Meet Inspiring Speakers and Experts at our 3000+ Global Conference Series Events with over 1000+ Conferences, 1000+ Symposiums
and 1000+ Workshops on Medical, Pharma, Engineering, Science, Technology and Business.

Explore and learn more about Conference Series : World's leading Event Organizer

Back

Sven Bahrke

Sven Bahrke

Glycotope GmbH, Germany

Title: Combination of high resolution HILIC-UPLC-FLD-ESI-QTOF MS/MS with automated data processing for structure determination and quantification of proteins with complex glycan patterns

Biography

Biography: Sven Bahrke

Abstract

Optimal functionality and limitation of side effects of recombinant therapeutic proteins require a glycosylation profile that mimics the complexity of the natural human glycosylation as much as possible. As a result, the need for characterization of complex glycosylation patterns in R&D and regulatory environments is evident. The coupling of high resolution chromatography and mass spectrometry is the method of choice for analysis of both simple and complex glycan patterns. However, LC-MS/MS data of glycans are highly complex. Thus, manual data processing and evaluation are time consuming as well as error-prone. We developed an automated method to cope with intense glycoanalysis requirements in biopharmaceutical characterization.

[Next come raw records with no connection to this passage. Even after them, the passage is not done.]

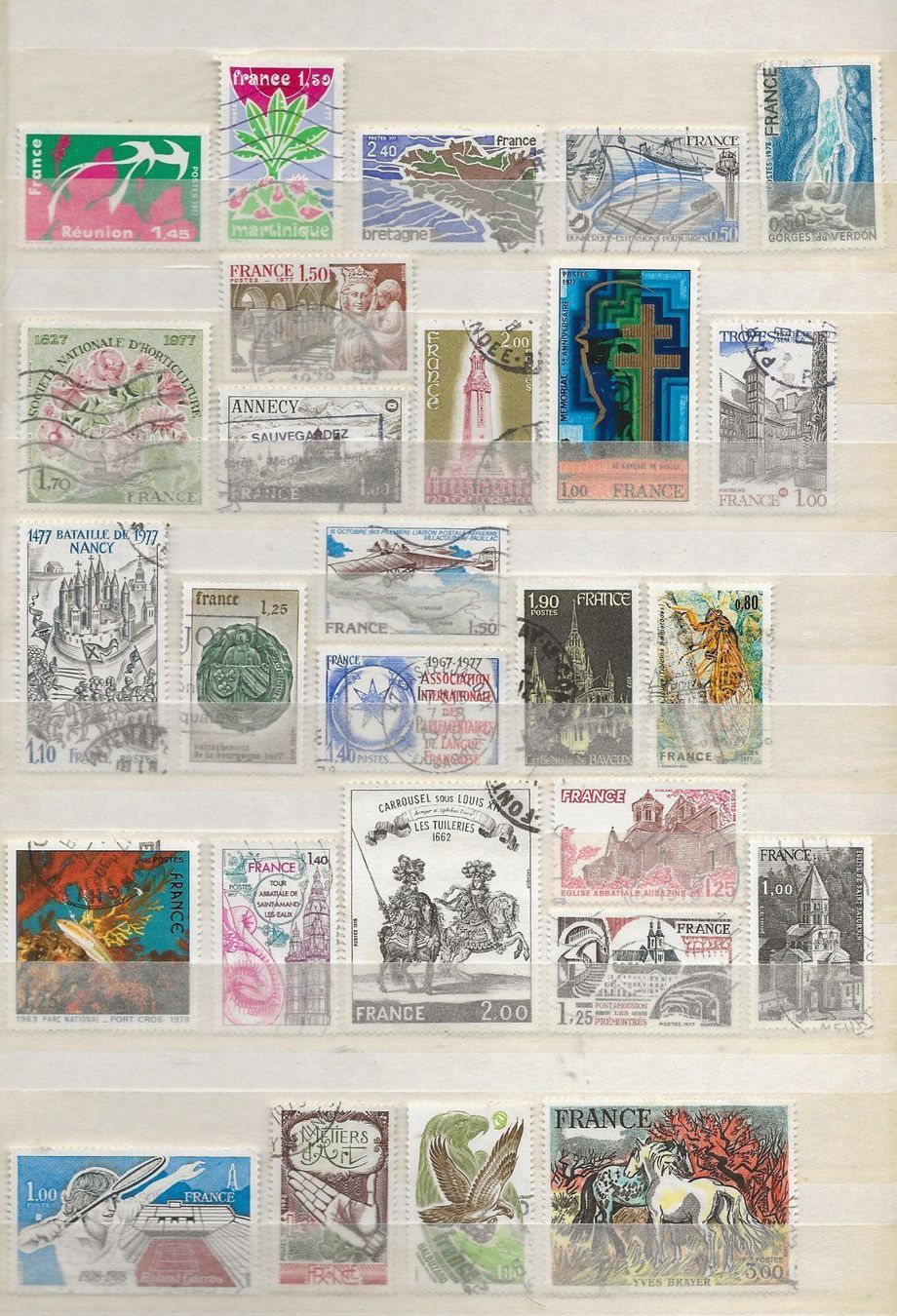 Tutti i francobolli: France Lot 1977 1978 – Usato da Sion venduto da PierreP01
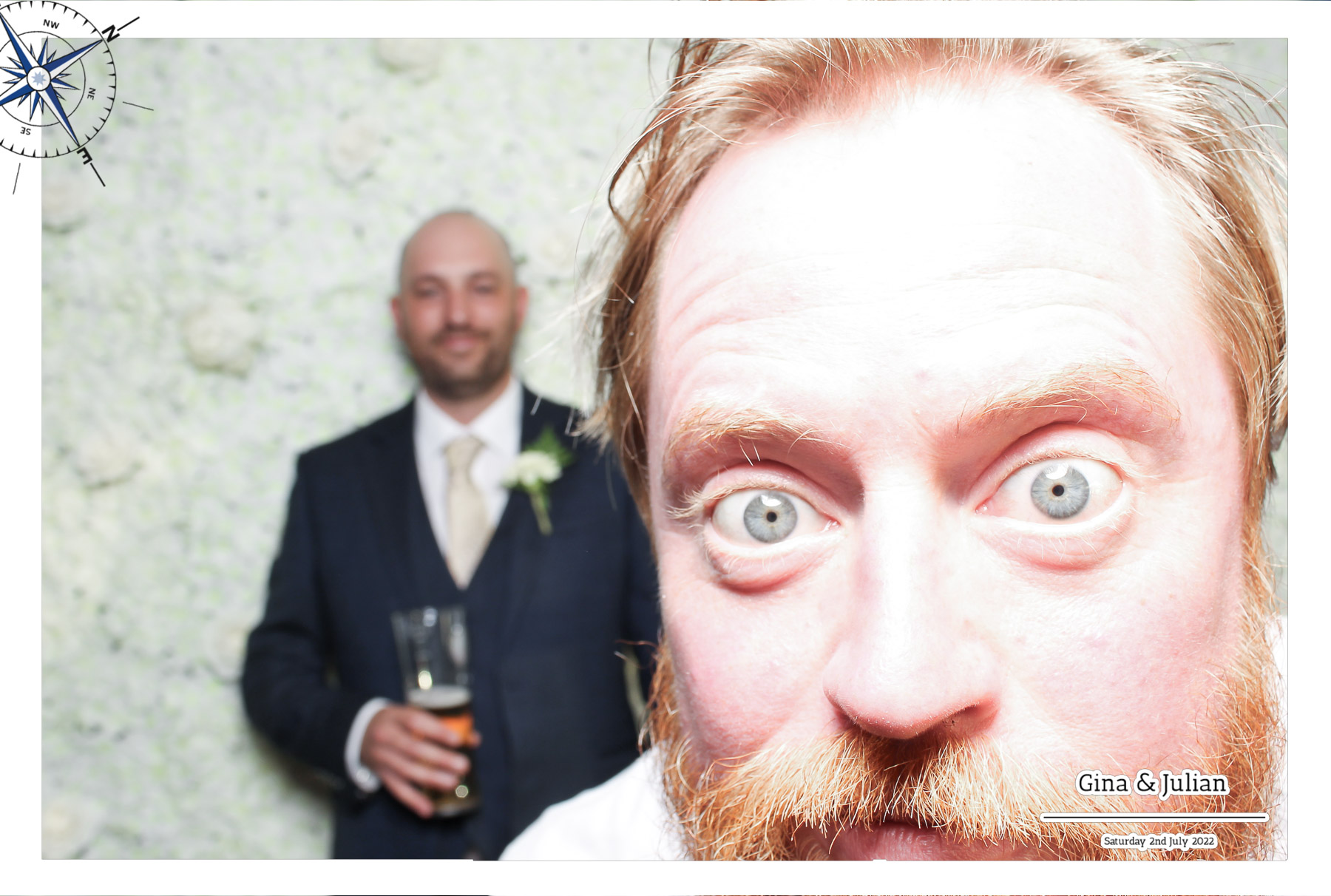Gina & Julian Wedding - Classic Open Booth | View more photos from the event at gallery.freshbooths.com/u/FreshBooths/Gina-Julian-Wedding-Classic-Open-Booth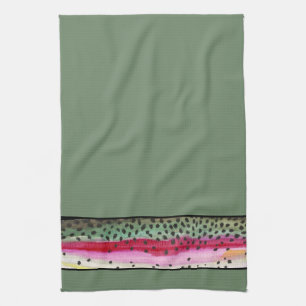 Cool Rainbow Trout Skin Fisherman's Tea Towel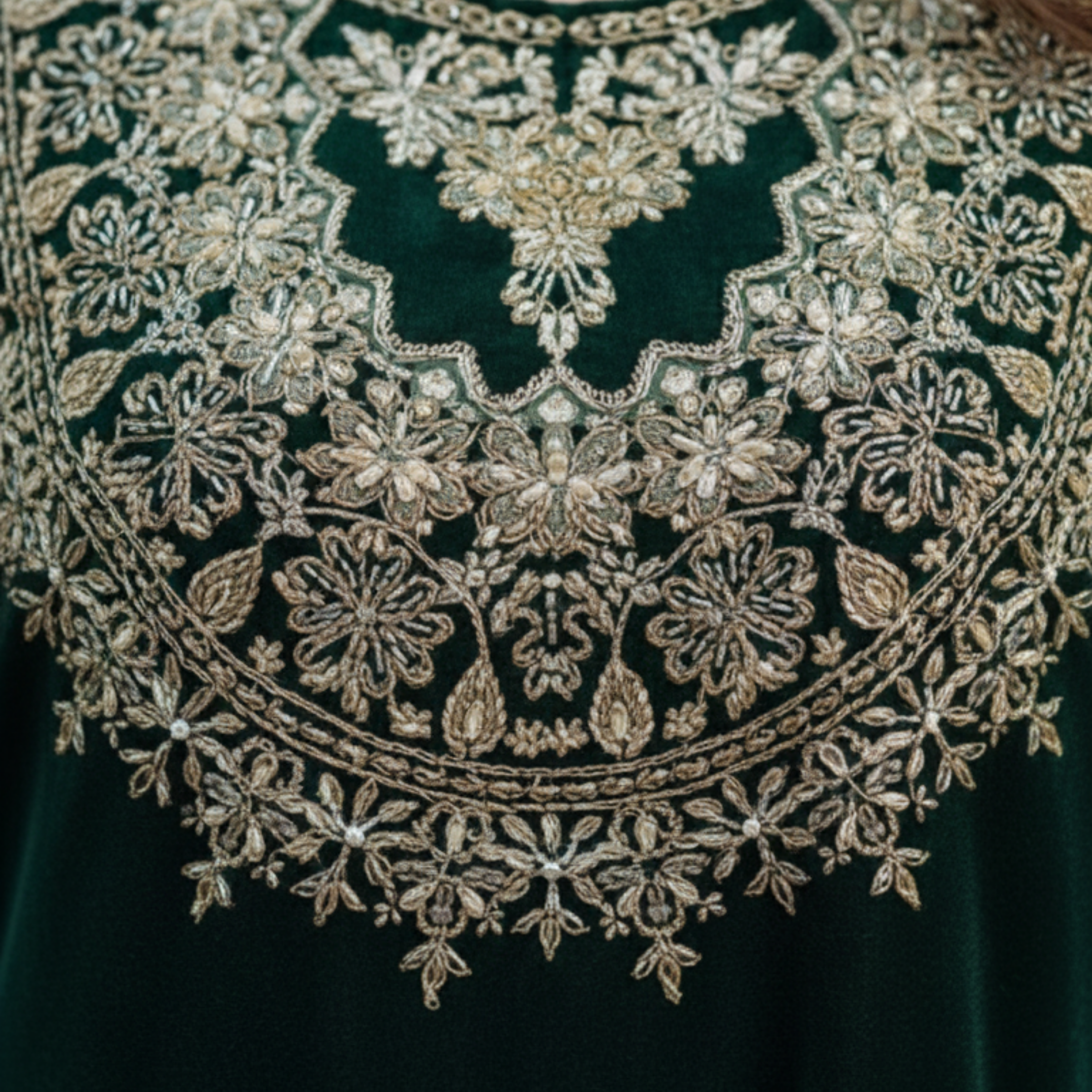 Luxurious Kashmiri Pashmina Style Woolen Velvet Kurta Set - KS0027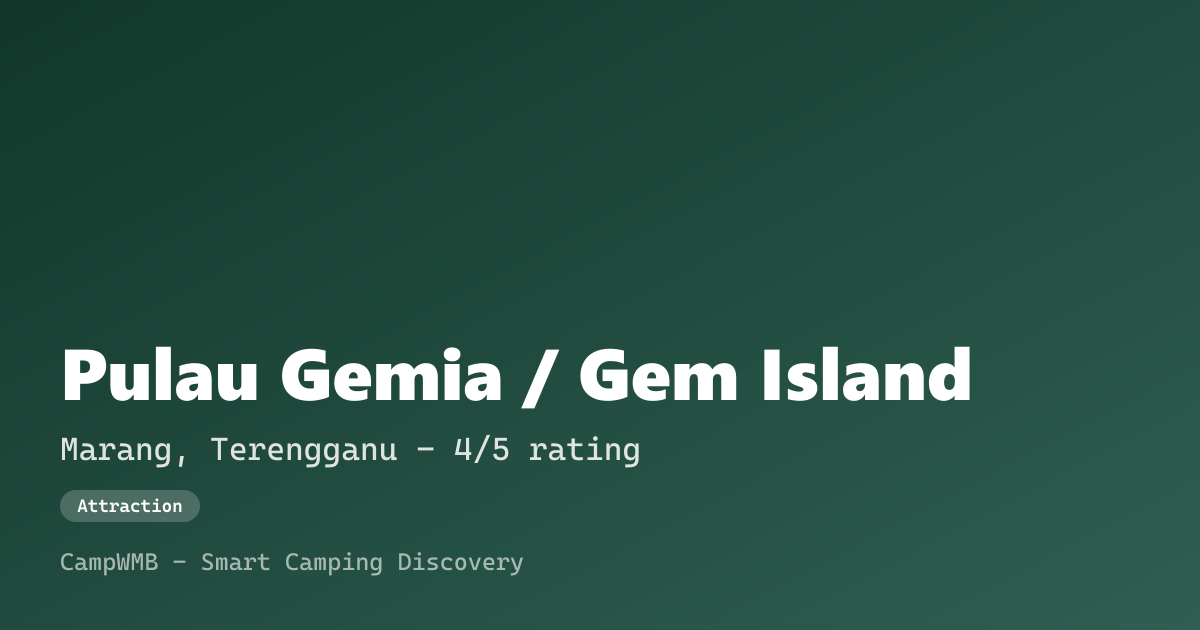 Visual sementara Pulau Gemia / Gem Island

We applied MS-sensitive fluorescence labeling of liberated glycans from biopharmaceuticals and high resolution chromatography with fluorescence detection in line coupled to tandem mass spectrometry (HILIC-UPLC-FLD-ESI-QTOF MS/MS). This approach facilitates the unambiguous identification and reasonable quantification of biologically important N-glycan parameters like antennarity, sialic acid, bisecting N-acetylglucosamine, core or outer-arm fucose and glycan sulfation optionally in GxP quality. We developed software that automatically provides such parameters and minimizes user intervention.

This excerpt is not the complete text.